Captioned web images
--------
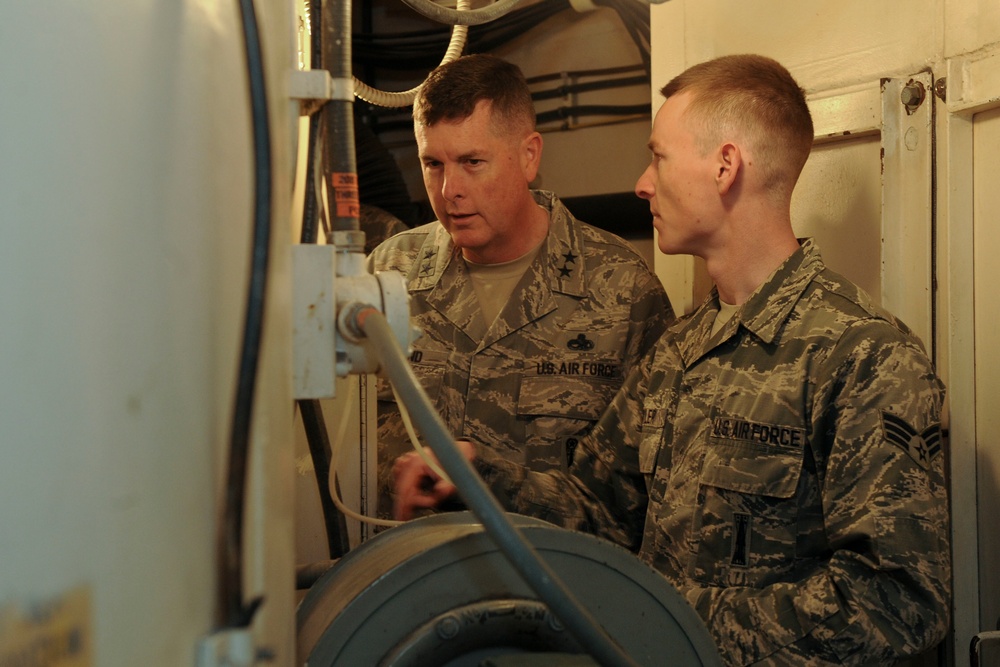 Maj. Gen. Kirkland visits Team Minot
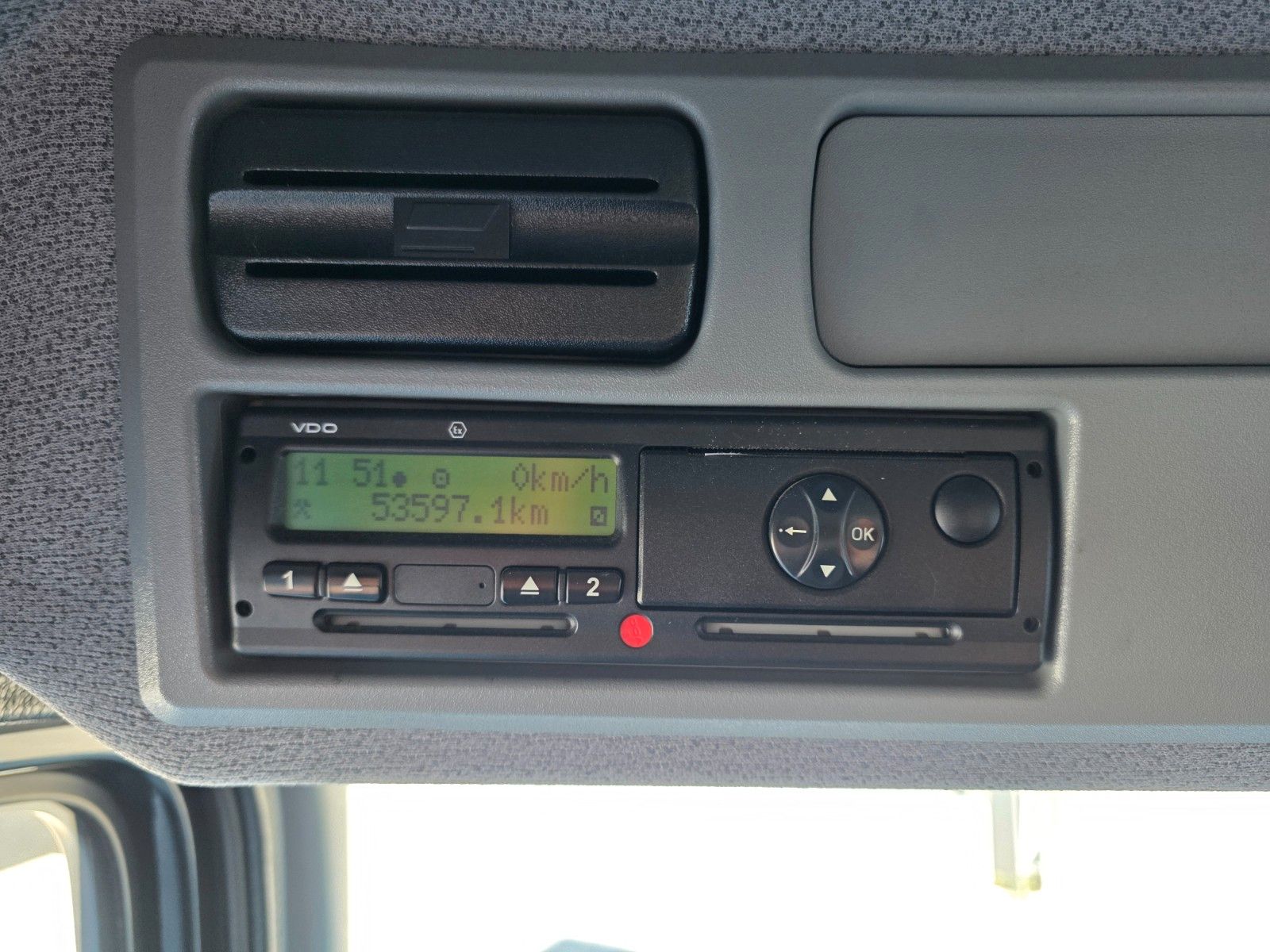 Fahrzeugabbildung Mercedes-Benz Atego 818 L Möbelkoffer+LBW Standklima 2x AHK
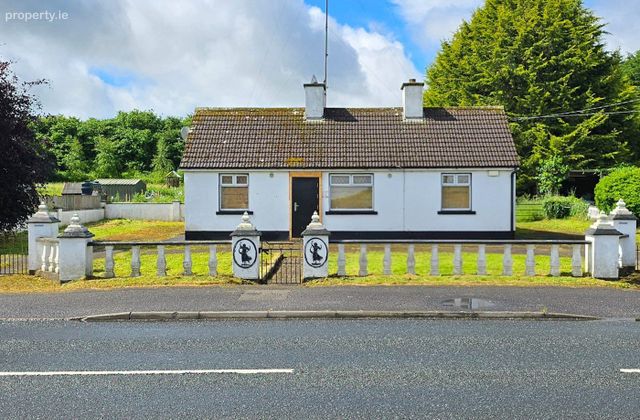 2 Corkhill, Kinnegad, Co. Westmeath - Click to view photos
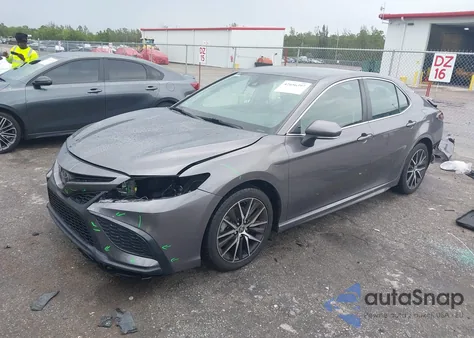 2022 Toyota Camry Se z USA, uszkodzony, nr VIN 4T1T11AKXNU640762
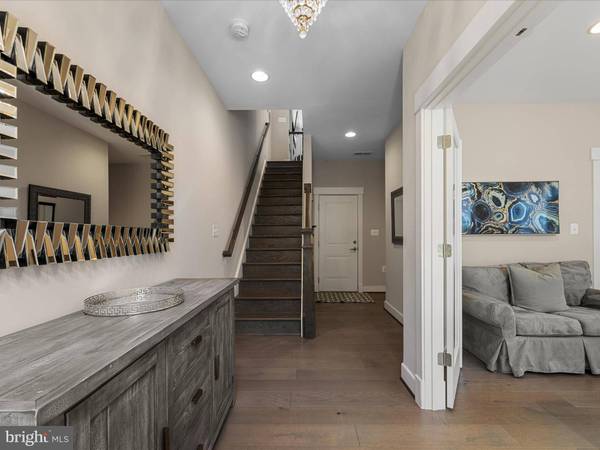 411 BICKSLER SQ SE, Leesburg, VA 20175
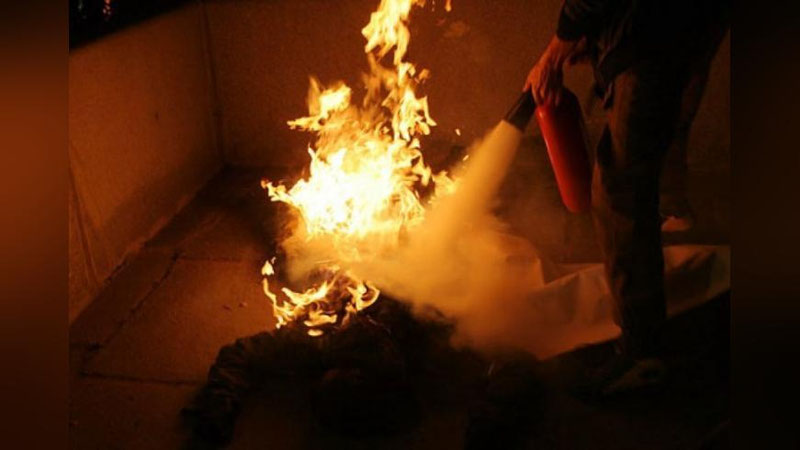 Изрображение 'В КАГАНЕ СГОРЕЛ ПЕНСИОНЕР, ПЫТАЯСЬ ПРИКУРИТЬ ОТ ГАЗОВОЙ ПЛИТЫ'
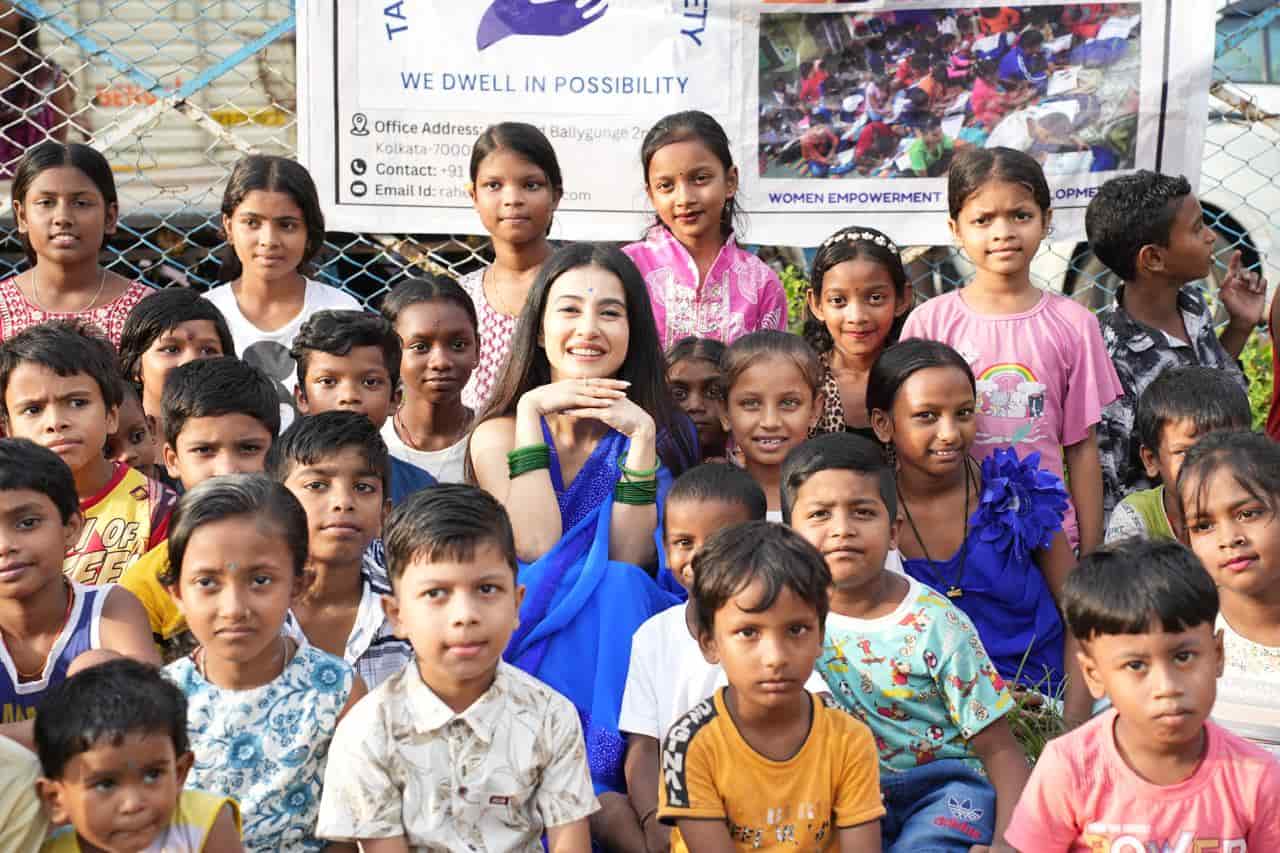 ১০। সদ্যই মুক্তি পেয়েছে মনামীর নতুন গানের ভিডিয়ো ‘কল্কি’। গানের প্রচারের ব্যস্ততার ফাঁকেই এ দিন যেন মিশে গেলেন শৈশবের সঙ্গে।  (এই প্রতিবেদনটি ‘আনন্দ উৎসব’ ফিচারের একটি অংশ। )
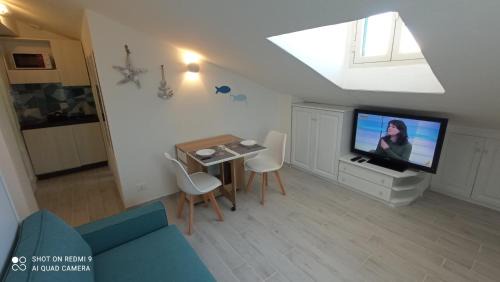 Porto Santo Stefano Apartment | Monolocale mansarda a Porto Santo Stefano Argentario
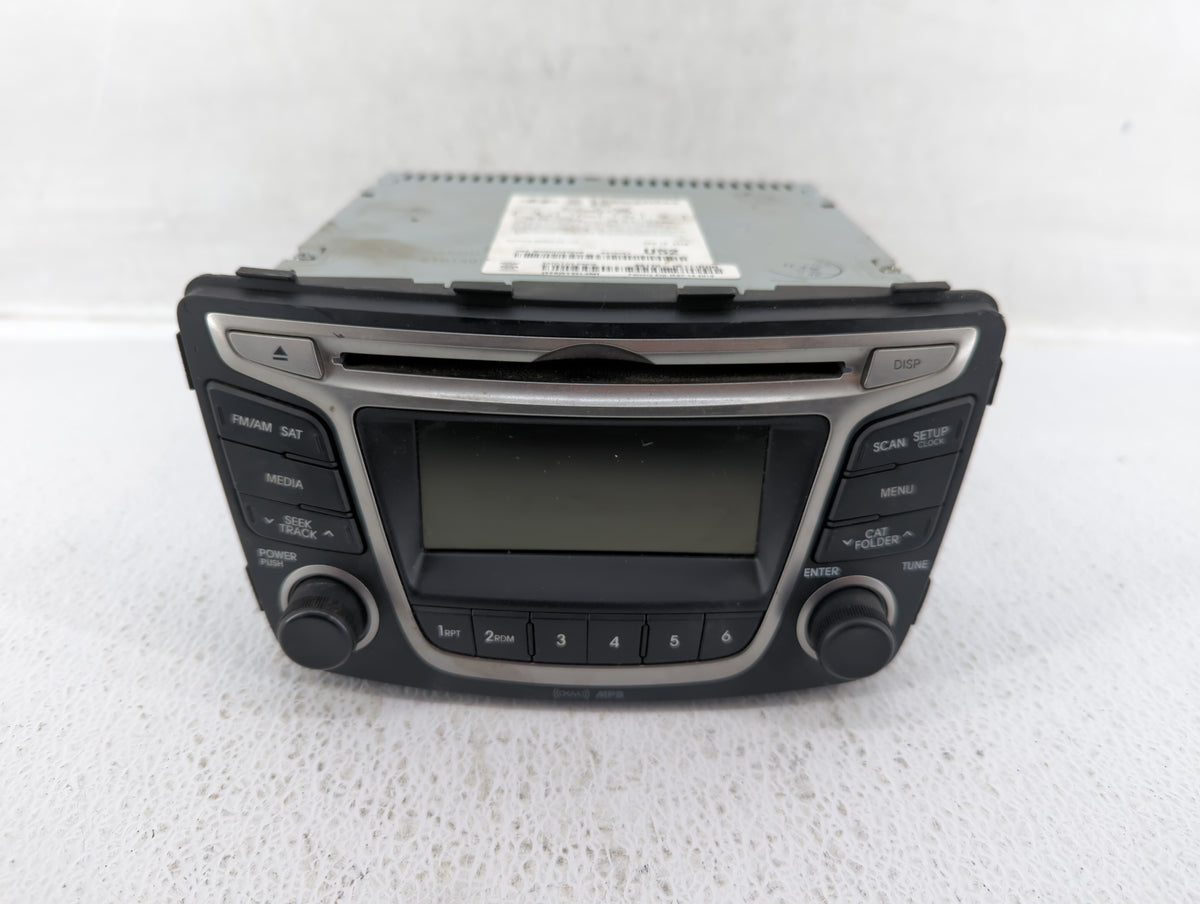 2015-2017 Hyundai Accent Am Fm Cd Player Radio Receiver 517820 - Oemusedautoparts1.com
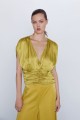 MUSZTARDOWA BLUZKA V NECK MARSZCZENIA (S)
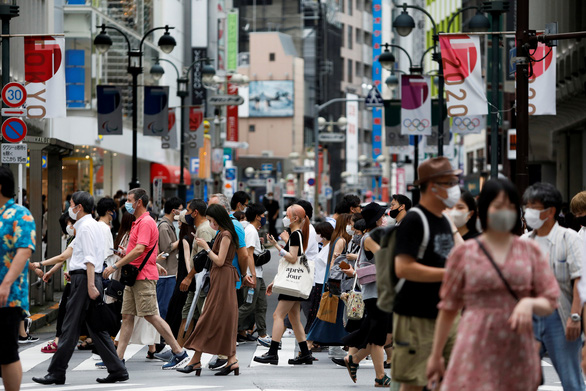 Vào tháng 8/2021, số ca mắc COVID-19 ở Nhật Bản đạt đỉnh điểm với hơn 25.000 ca/ngày - Ảnh: Reuters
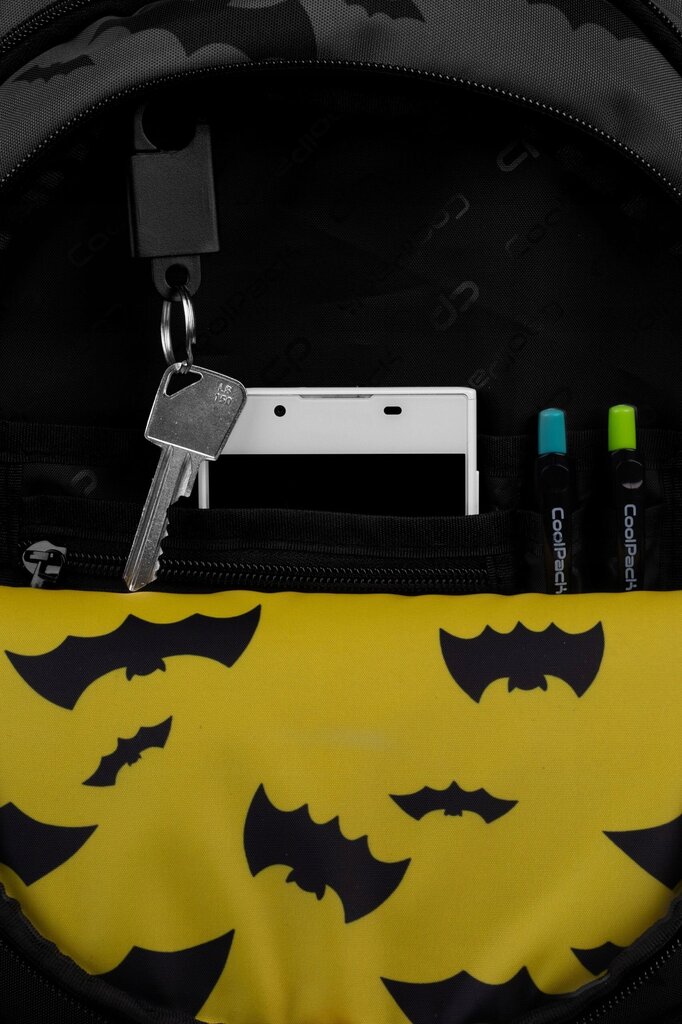 Mokyklinė kuprinė CoolPack Dark Knight, juoda kaina ir informacija | Kuprinės mokyklai, sportiniai maišeliai | pigu.lt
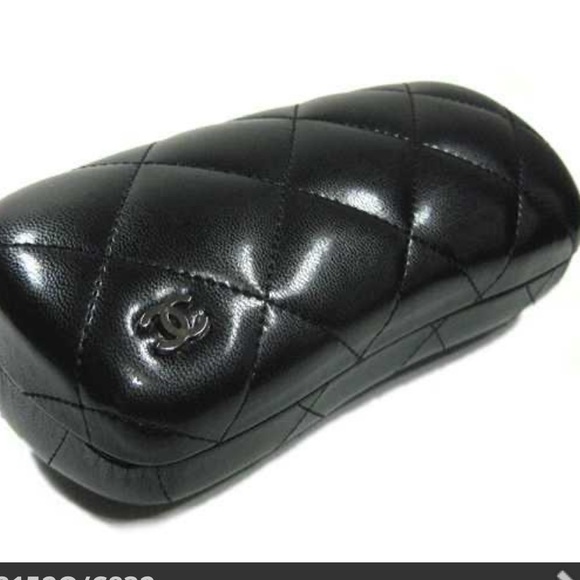 CHANEL Glasses - Picture 9 of 9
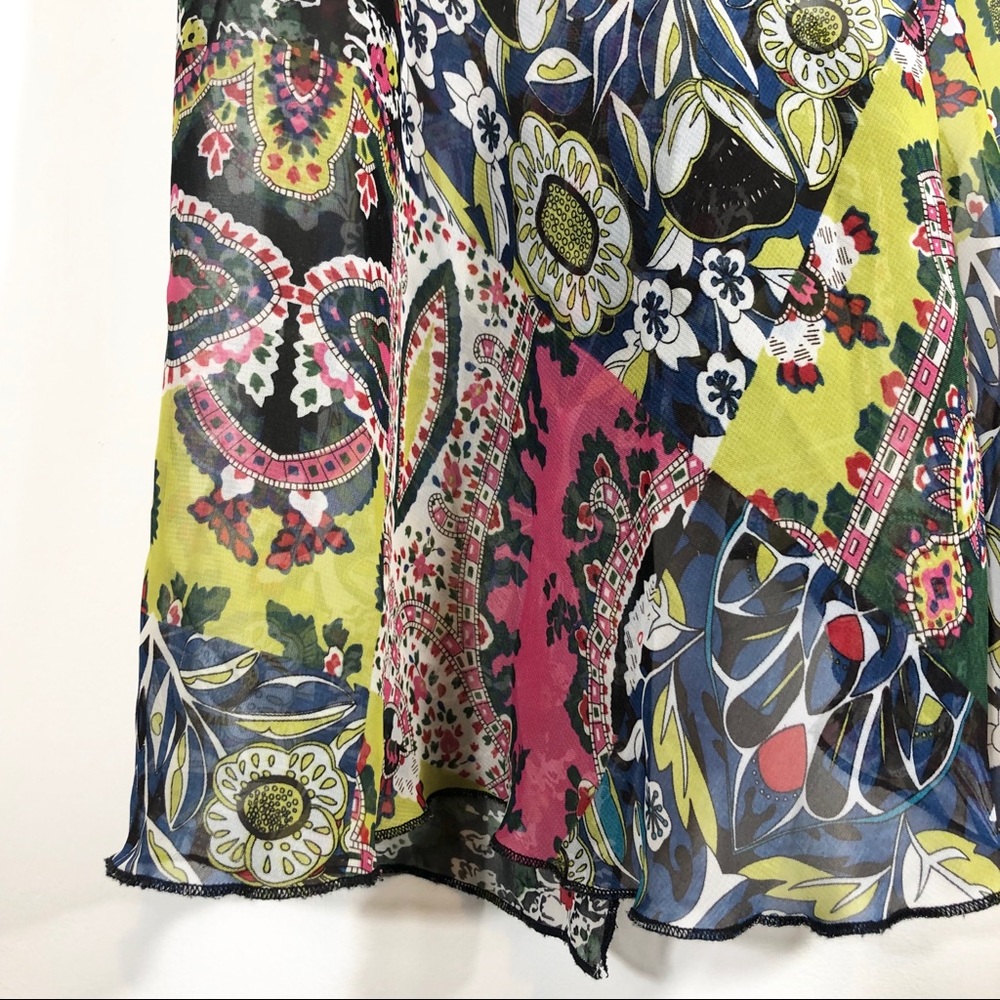 CAbi sheer paisley ruffle tie front kimono top. M - Picture 7 of 8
--------
• Description of the task: Please repeat exactly the lines from the one containing "Vào tháng 8/2021, số" through the last line of the records, both included, and leave out the pictures.

• The answer:
 Vào tháng 8/2021, số ca mắc COVID-19 ở Nhật Bản đạt đỉnh điểm với hơn 25.000 ca/ngày - Ảnh: Reuters
 Mokyklinė kuprinė CoolPack Dark Knight, juoda kaina ir informacija | Kuprinės mokyklai, sportiniai maišeliai | pigu.lt
 CHANEL Glasses - Picture 9 of 9
 CAbi sheer paisley ruffle tie front kimono top. M - Picture 7 of 8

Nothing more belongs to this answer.